Augmenter that apply typo error simulation to textual input.
KeyboardAug(name='Keyboard_Aug', aug_char_min=1, aug_char_max=10, aug_char_p=0.3, aug_word_p=0.3, aug_word_min=1, aug_word_max=10, stopwords=None, tokenizer=None, reverse_tokenizer=None, include_special_char=True, include_numeric=True, include_upper_case=True, lang='en', verbose=0, stopwords_regex=None, model_path=None, min_char=4)¶
Augmenter that simulate typo error by random values. For example, people may type i as o incorrectly. One keyboard distance is leveraged to replace character by possible keyboard error.
- aug_char_p (float) – Percentage of character (per token) will be augmented.
- aug_char_min (int) – Minimum number of character will be augmented.
- aug_char_max (int) – Maximum number of character will be augmented. If None is passed, number of augmentation is calculated via aup_char_p. If calculated result from aug_char_p is smaller than aug_char_max, will use calculated result from aup_char_p. Otherwise, using aug_max.
- aug_word_p (float) – Percentage of word will be augmented.
- aug_word_min (int) – Minimum number of word will be augmented.
- aug_word_max (int) – Maximum number of word will be augmented. If None is passed, number of augmentation is calculated via aup_word_p. If calculated result from aug_word_p is smaller than aug_word_max, will use calculated result from aug_word_p. Otherwise, using aug_max.
- stopwords (list) – List of words which will be skipped from augment operation.
- stopwords_regex (str) – Regular expression for matching words which will be skipped from augment operation.
- tokenizer (func) – Customize tokenization process
- reverse_tokenizer (func) – Customize reverse of tokenization process
- include_special_char (bool) – Include special character
- include_upper_case (bool) – If True, upper case character may be included in augmented data.
- include_numeric (bool) – If True, numeric character may be included in augmented data.
- min_char (int) – If word less than this value, do not draw word for augmentation
- model_path (str) – Loading customize model from file system
- lang (str) – Indicate built-in language model. Default value is ‘en’. Possible values are ‘en’, ‘th’ (Thai), ‘tr’(Turkish), ‘de’(German), ‘es’(Spanish), ‘fr’(French), ‘it’(Italian), ‘nl’(Dutch), ‘pl’(Polish), ‘uk’(Ukrainian), ‘he’(Hebrew). If custom model is used (passing model_path), this value will be ignored.
- name (str) – Name of this augmenter
>>> import nlpaug.augmenter.char as nac >>> aug = nac.KeyboardAug()

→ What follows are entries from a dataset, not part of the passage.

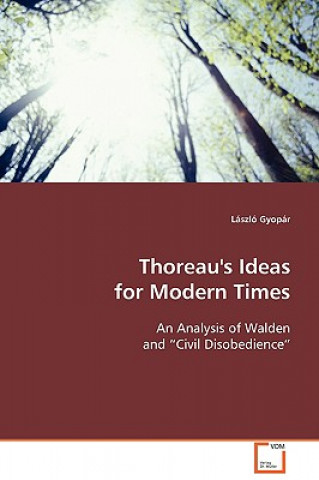 Kniha Thoreau's Ideas for Modern Times László Gyopár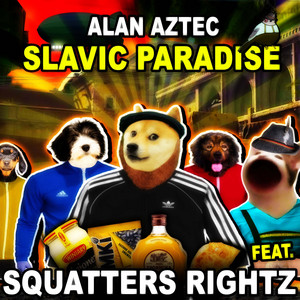 Slavic Paradise by Alan Aztec, Squatters Rightz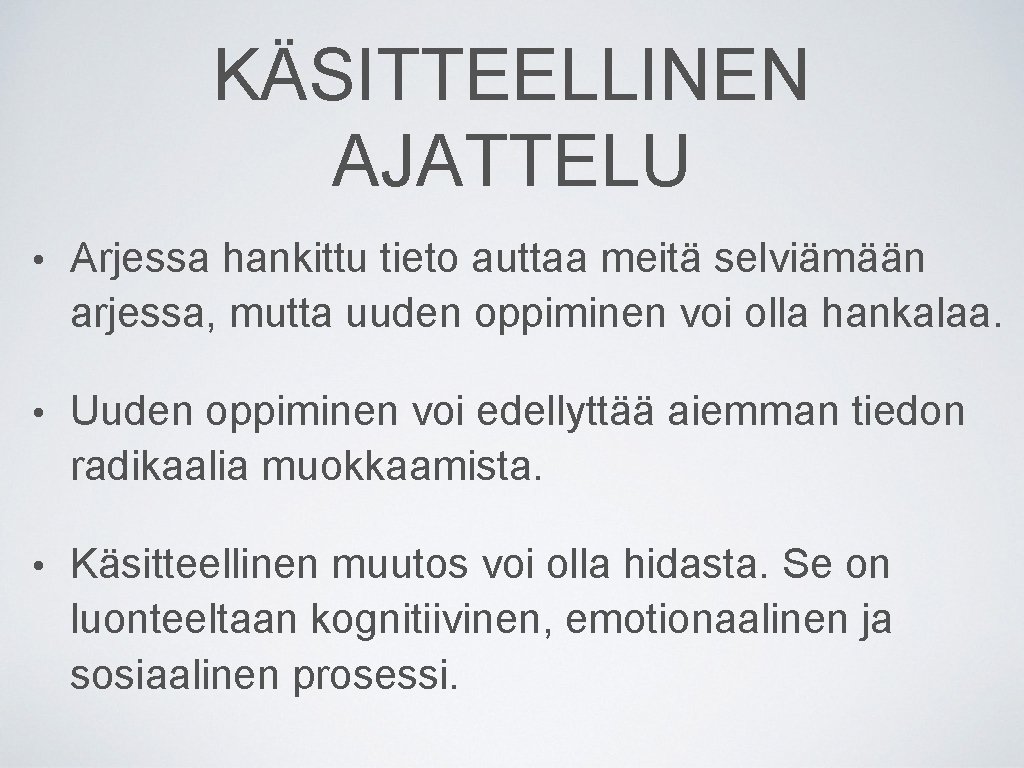 KÄSITTEELLINEN AJATTELU • Arjessa hankittu tieto auttaa meitä selviämään arjessa, mutta uuden oppiminen voi KÄSITTEELLINEN AJATTELU • Arjessa hankittu tieto auttaa meitä selviämään arjessa, mutta uuden oppiminen voi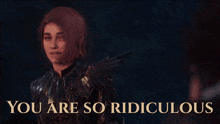 a picture of a woman with the words you are so ridiculous above her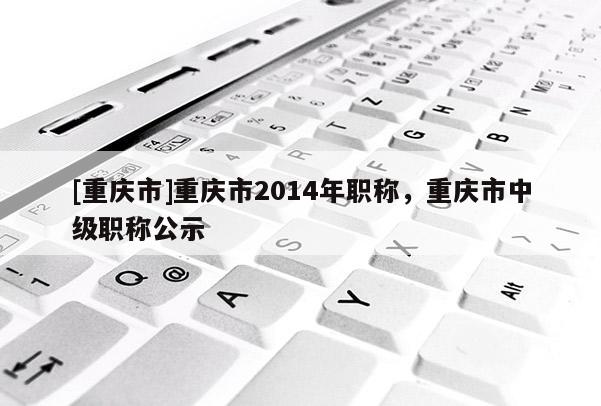 [重慶市]重慶市2014年職稱，重慶市中級職稱公示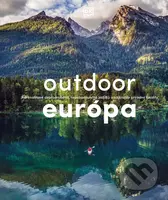 Outdoor Európa (Adrenalínové dobrodružstvá, nezabudnuteľné zážitky a najkrajšie prírodné lokality) - kniha z kategorie Hobby
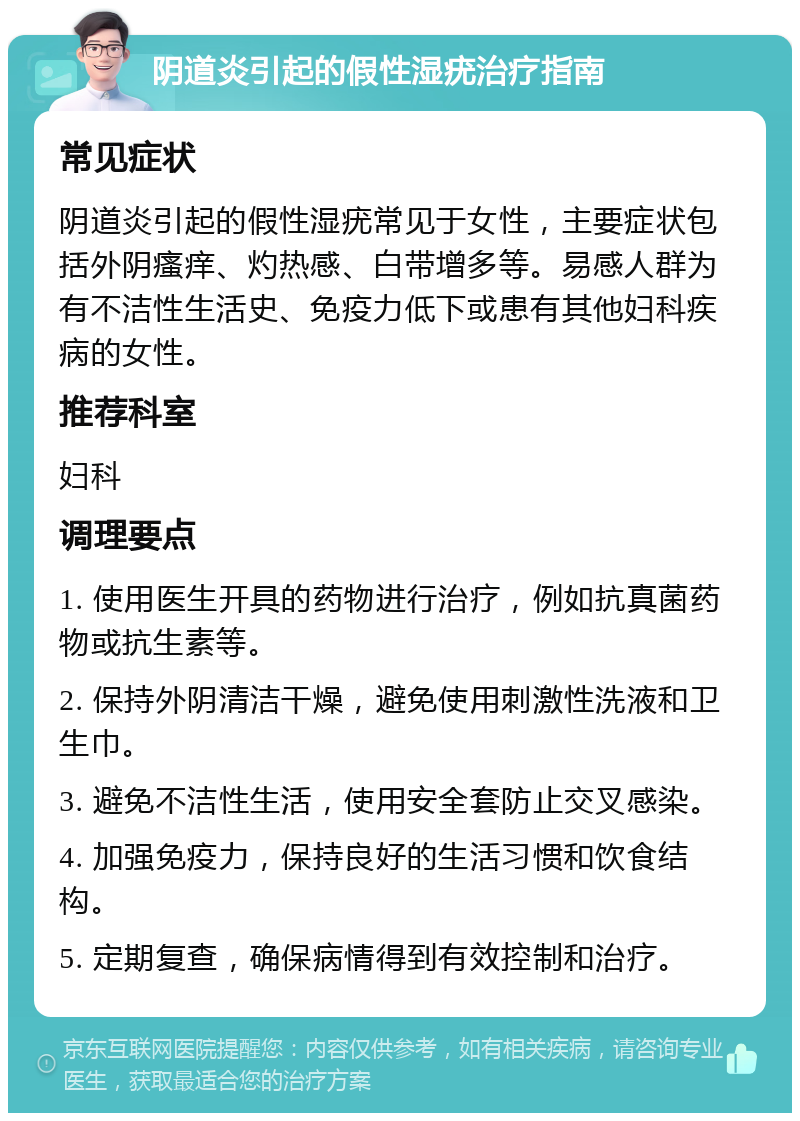 阴道炎引起的假性湿疣治疗指南 常见症状 阴道炎引起的假性湿疣常见于女性，主要症状包括外阴瘙痒、灼热感、白带增多等。易感人群为有不洁性生活史、免疫力低下或患有其他妇科疾病的女性。 推荐科室 妇科 调理要点 1. 使用医生开具的药物进行治疗，例如抗真菌药物或抗生素等。 2. 保持外阴清洁干燥，避免使用刺激性洗液和卫生巾。 3. 避免不洁性生活，使用安全套防止交叉感染。 4. 加强免疫力，保持良好的生活习惯和饮食结构。 5. 定期复查，确保病情得到有效控制和治疗。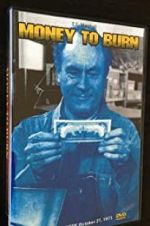 Watch Money to Burn Xmovies8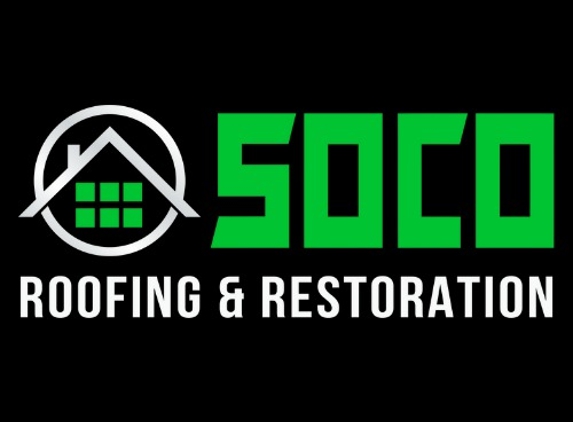 SoCo Roofing & Restoration - Baton Rouge, LA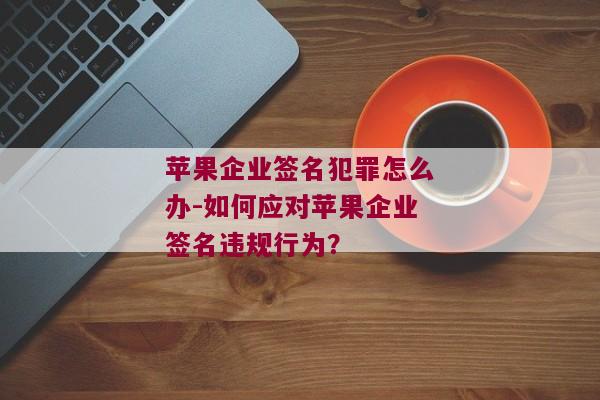 苹果企业签名犯罪怎么办-如何应对苹果企业签名违规行为？ 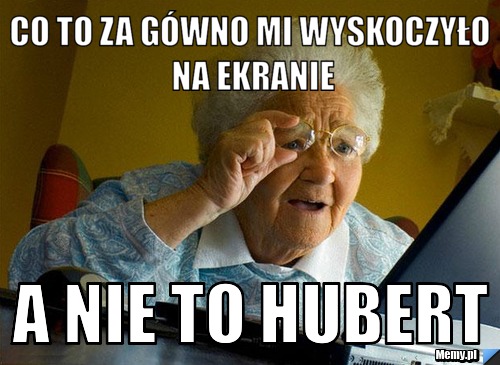 Co to za gówno mi wyskoczyło na ekranie a nie to hubert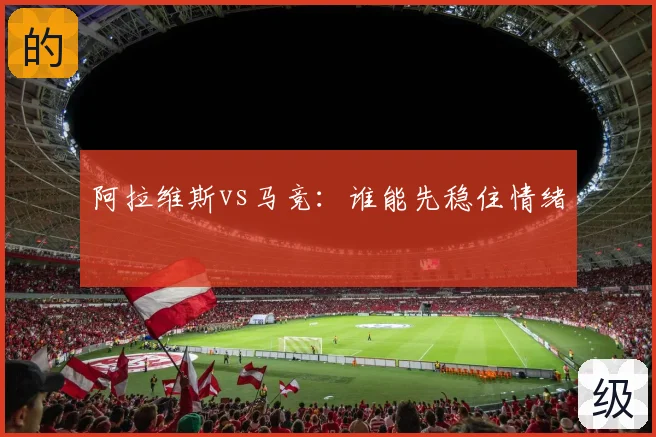 阿拉维斯vs马竞：谁能先稳住情绪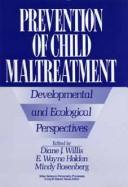 Cover of: Prevention of child maltreatment by edited by Diane J. Willis, E. Wayne Holden, Mindy Rosenberg.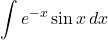 \displaystyle\int e^{-x}\sin x\, dx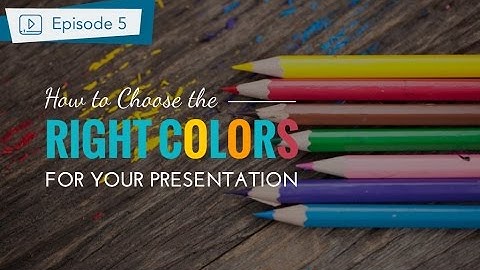 How To Make a Presentation Part 2 - Choose the Best Color For Your Slides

augment(data, n=1, num_thread=1)¶
- data (object/list) – Data for augmentation. It can be list of data (e.g. list of string or numpy) or single element (e.g. string or numpy). Numpy format only supports audio or spectrogram data. For text data, only support string or list of string.
- n (int) – Default is 1. Number of unique augmented output. Will be force to 1 if input is list of data
- num_thread (int) – Number of thread for data augmentation. Use this option when you are using CPU and n is larger than 1
>>> augmented_data = aug.augment(data)